Not sure what Americana is? Check it out on Wikipedia below for inspiration...

Americana on Wikipedia

Now, let's see what you folks come up with this week! I can't wait!!!


----------



## wvdawg (Aug 31, 2010)

*First thing I thought of for Americana.*

Miss Ross of the DeCanter Ross's!


----------



## Browtine (Aug 31, 2010)

Way to get it rolling, man! Nice shot.


----------



## wvdawg (Sep 2, 2010)

Thanks Chris.  

Where did everybody go?


----------



## carver (Sep 2, 2010)

I like that Dennis,that is Americana! I didn't have a lot of time this week, but this caught my eye.


----------



## wvdawg (Sep 2, 2010)

Good eye Jerry - don't see enough of those now-a-days!


----------



## LOVEMYLABXS (Sep 2, 2010)

Boy I had a hard time with this onetryin to come up with something new that would fit.

Still not sure how well this fits but.........

Wide open spaces and a pony


----------



## Browtine (Sep 2, 2010)

Nice shots, guys. Not sure what I'll shoot for this one. Looks like I'm not alone. Not many entries so far!


----------



## *MrsUSbowhunter* (Sep 3, 2010)

great shots!

I am going to try to come up with something soon. Its not too easy to do this one in Italy... haha. The only down fall of living here so far


----------



## toyota4x4h (Sep 3, 2010)

Yeah Im gonna try and come up with something this weekend myself. This ones alittle tough I think anyway.


----------



## Browtine (Sep 3, 2010)

toyota4x4h said:


> Yeah Im gonna try and come up with something this weekend myself. This ones alittle tough I think anyway.

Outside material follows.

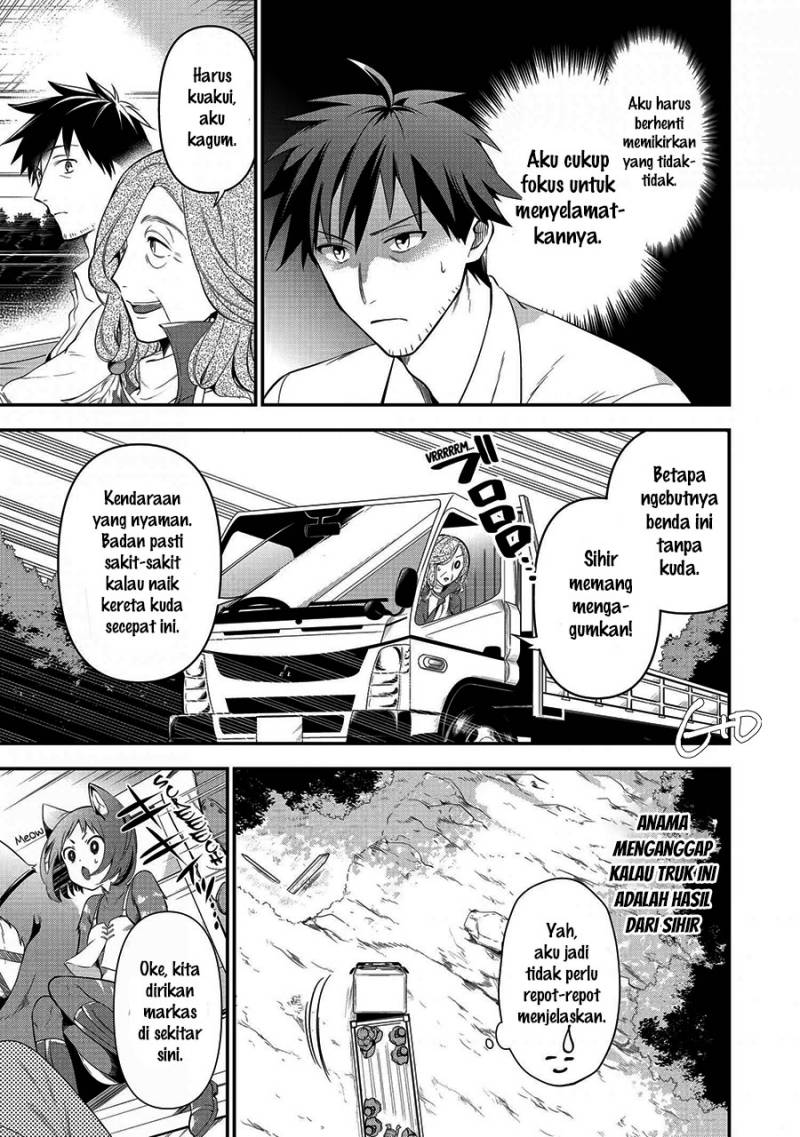 Arafoo Otoko no Isekai Tsuhan Seikatsu Chapter 08 Bahasa Indonesia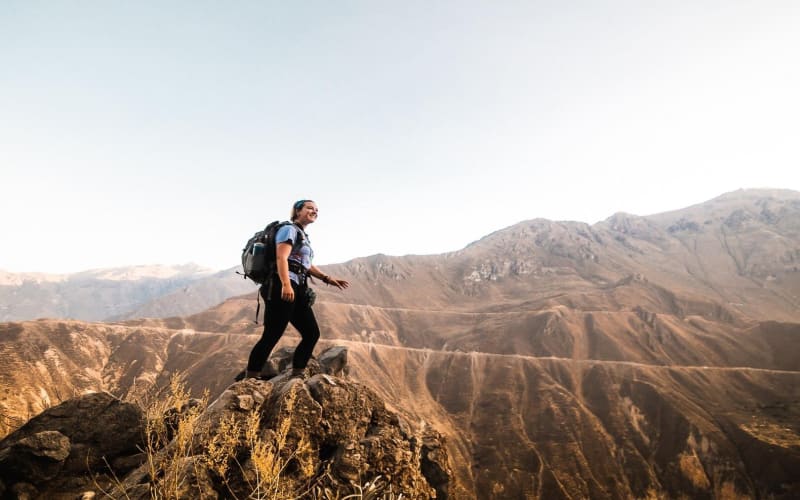 2-Day Colca Canyon Trek Adventure - main image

If you're having a hard time trying to go by the definition I posted a link to, just take a photo of ANYTHING that says "America" to you. If America stands for freedom to you, take a photo that says "freedom". And as always, the theme is simply a suggestion each week. If anyone can't come up with a photo that fits the theme, just use a "wild card" this week and take a photo of whatever you wish. I'd rather see folks do this than not participate.  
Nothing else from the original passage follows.